Benarkah sekat antara
dunia imajinasi dan kegilaan itu tipis
sekali? Dalam banyak kasus, ketika
manusia tidak berpijak pada realitas, dan iman yang membingkai, mungkin ia akan menemukan puncak-puncak output kreativitasnya,
berupa karya yang memiliki daya ledak. Namun, apakah daya ledak puncak-puncak
kreativitas itu akan membimbing ummat manusia pada pencerahan, ataukah
sebaliknya? Apakah kreativitas itu akan membawanya pada penerangan budi pada
dirinya sendiri, ataukah tidak?
Novel Inferno karya
Dan Brown banyak terilhami oleh
buku The
Divine Comedy karya Dante Alighieri.
Di samping menulis The Divine Comedy, Dante
menulis sebuah kumpulan puisi, La
Vita Nuova.
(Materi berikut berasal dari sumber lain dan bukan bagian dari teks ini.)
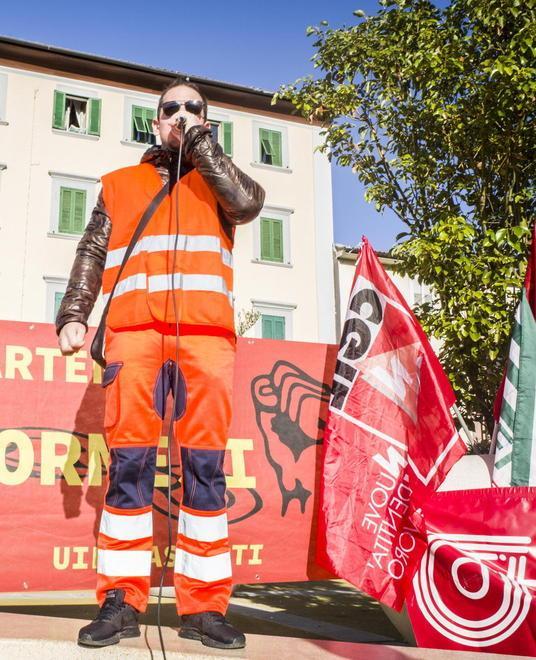 Porto, i lavoratori in sciopero domani invece che oggi 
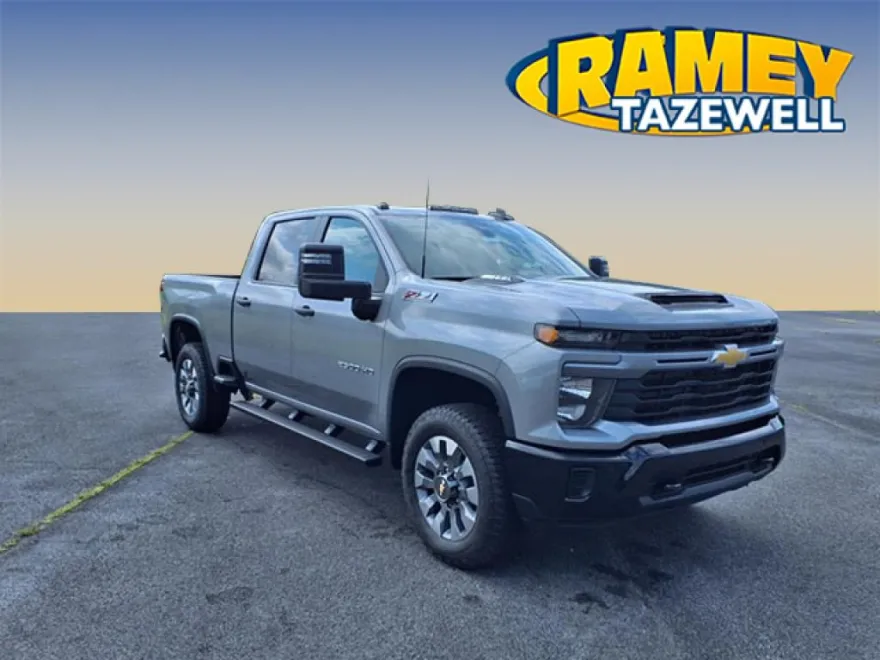 2025 Chevrolet Silverado 2500HD Custom photo 1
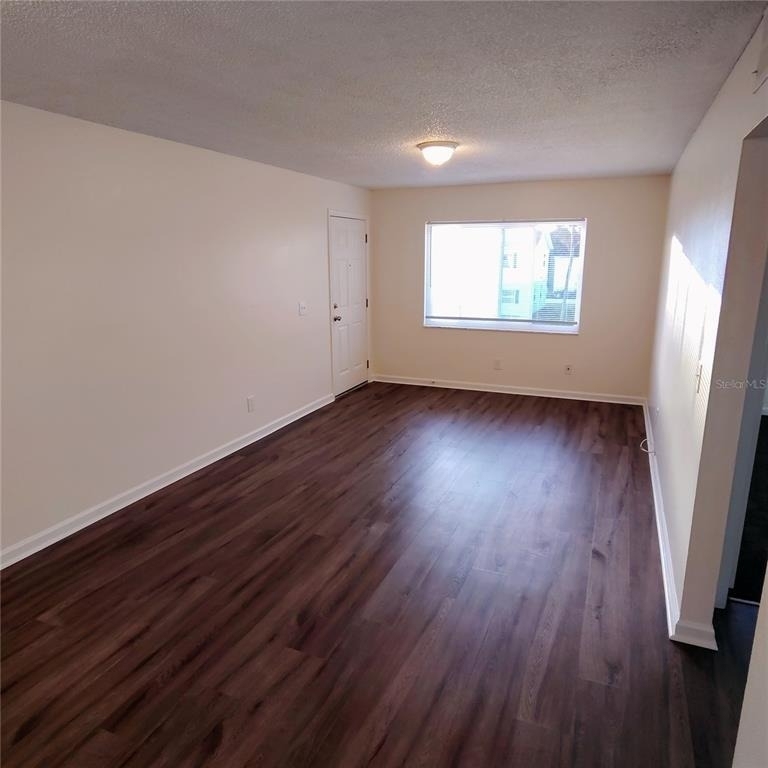 2820 Dupont Street S - Photo 5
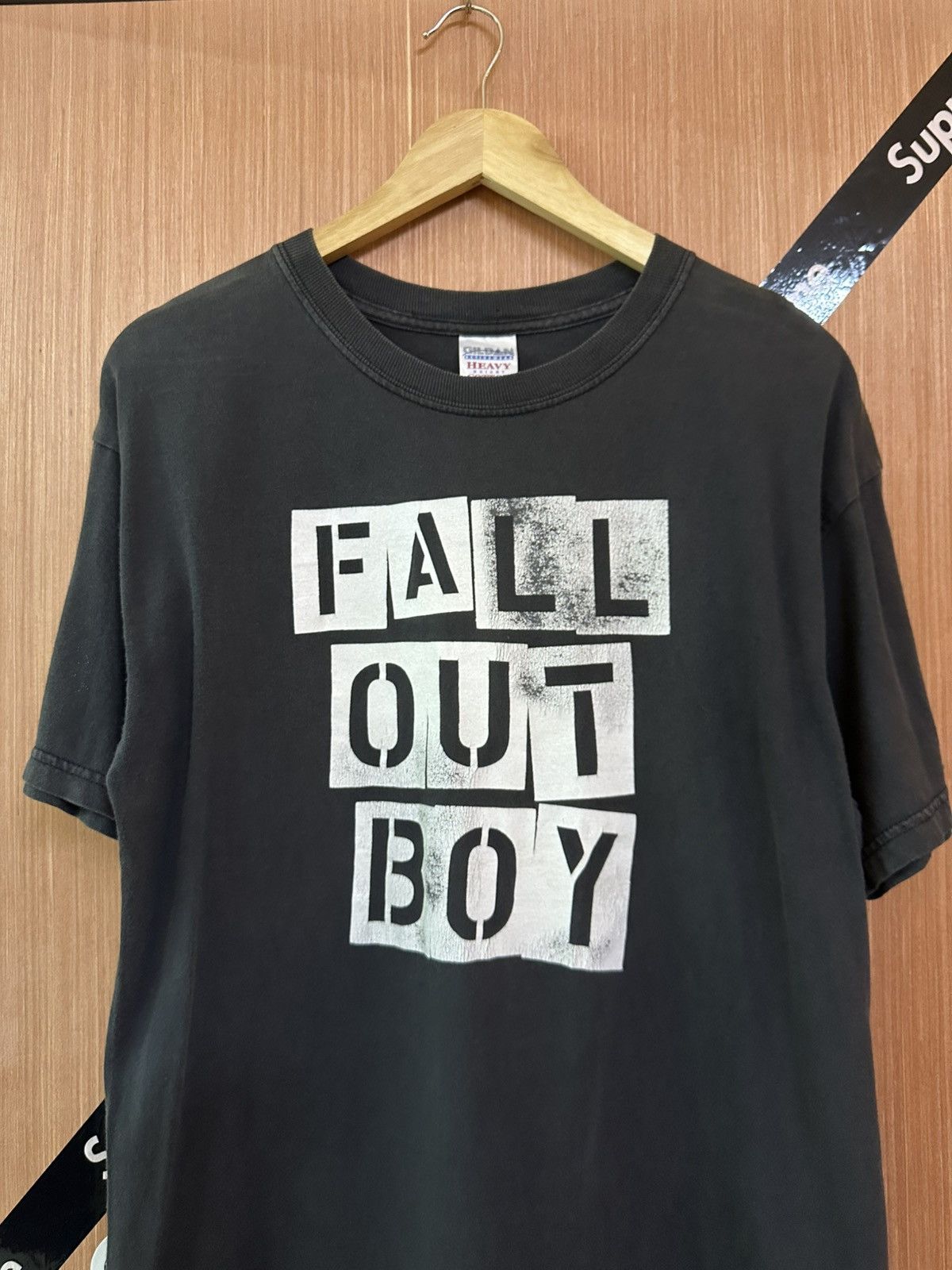 Band Tees Vintage Fall Out Boy American Rock Band Perfect Faded Tees Size US L / EU 52-54 / 3 - 3 Thumbnail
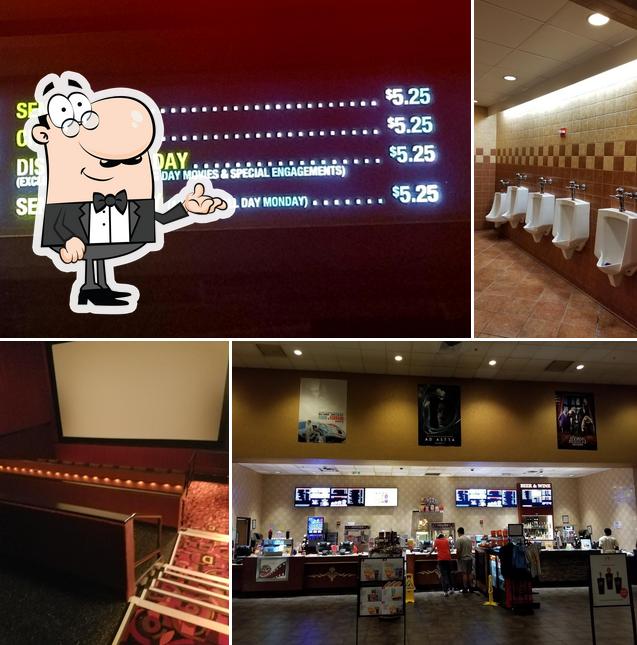 Cinemark Rosenberg 12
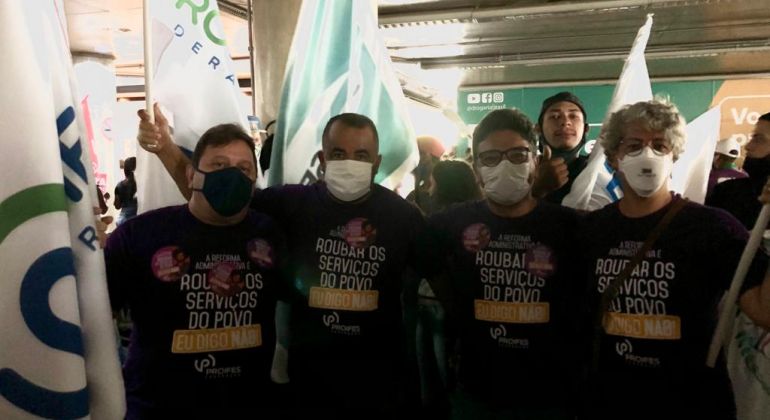 Movimentos sindicais voltam a pressionar parlamentares contra a reforma administrativa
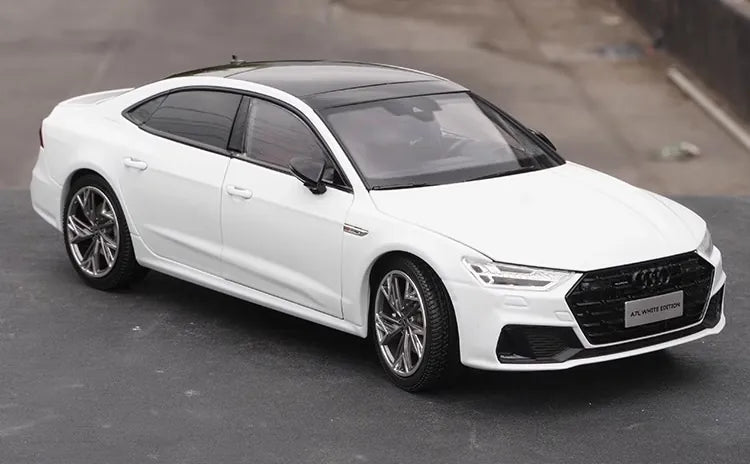 [OEM] 1:18 Audi 2021 A7L White Model Car Die-Cast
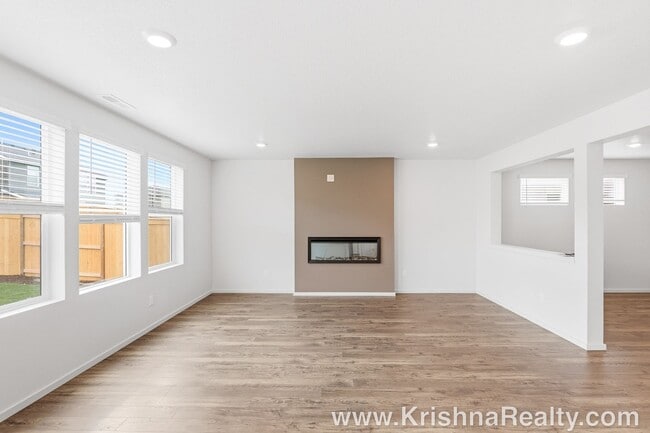 Building Photo - 5 BD | 3 BA | Brand New Construction | East Park Village | Salem Home!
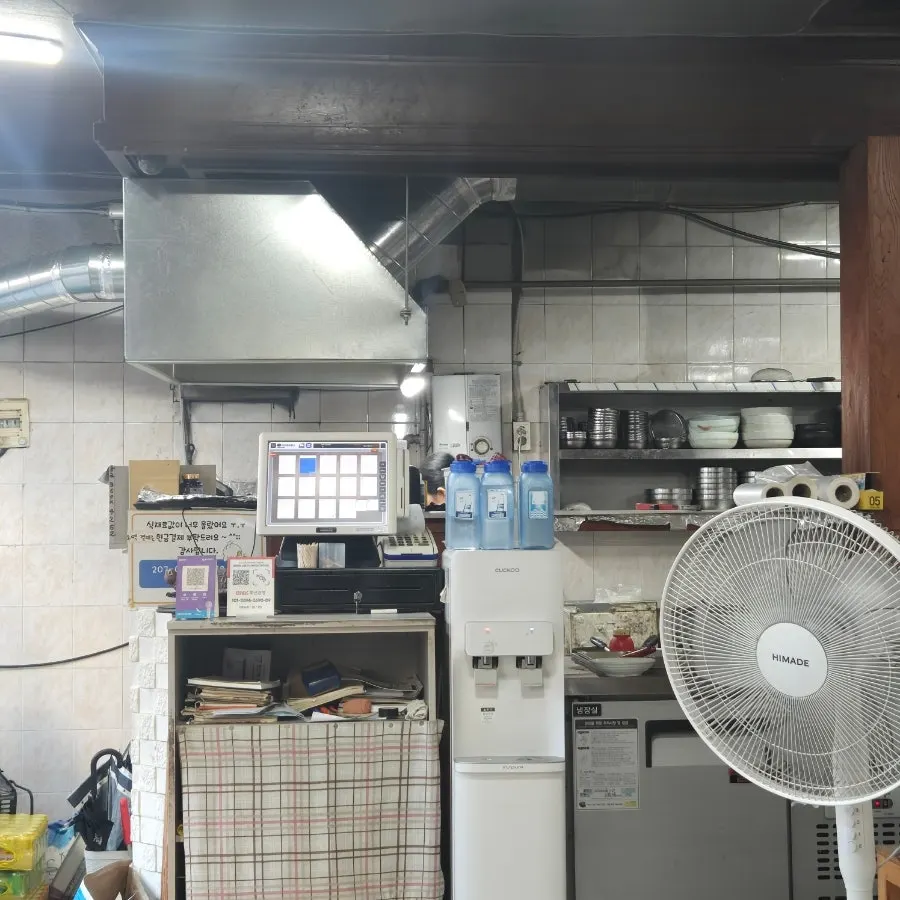 주택을 개조한 노포 스타일 식당 내부
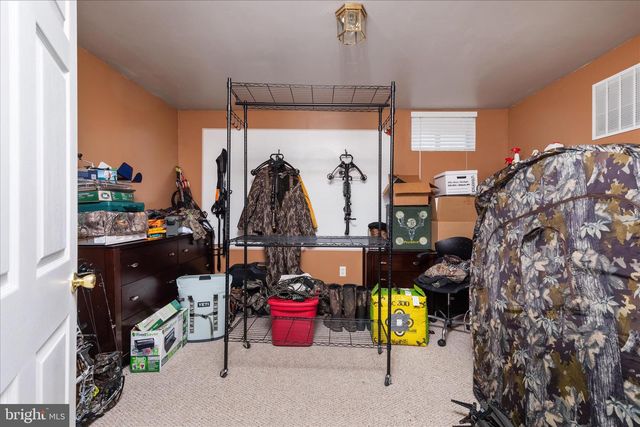 324 HOGAN DR, Martinsburg, WV 25405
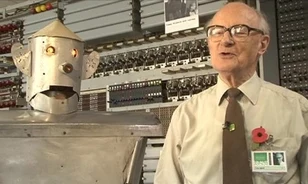 Újra működik George, a robot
Puisi itu di latar belakangi oleh penggalan hidup
Dante yang tak bisa menggenapi hidup
atas cintanya pada Beatrice Portinari. Dante menikah dengan Gemma Di Manetto Donati.
Namun, sekalipun mereka memiliki putra,
pasangan itu tidak menyiratkan bahwa
mereka saling mengasihi. Sebagian hidup Dante
berada di dunia khayalan. Beatrice Portinari menjadi ilham dalam imajinasinya yang menjadi
karya-karya besarnya.
Dalam kisah dunia patah hati lainnya yang terkenal, seperti Sayap-Sayap Patah, karya Khalil Gibran, Romeo and Juliet, karya
Shakespeare, sampai Laila
Majnun, memberikan inspirasi besar,
bagaimana menikmati patah hati yang menyayat hati dengan cara yang amat
melankolis dan dramatis. Perih yang masuk dalam labirin perasaan tanpa
menemukan jalan pembebasan. Dan tak
berusaha menebas. Menyikapi kesedihan dengan cara yang amat menyedihkan.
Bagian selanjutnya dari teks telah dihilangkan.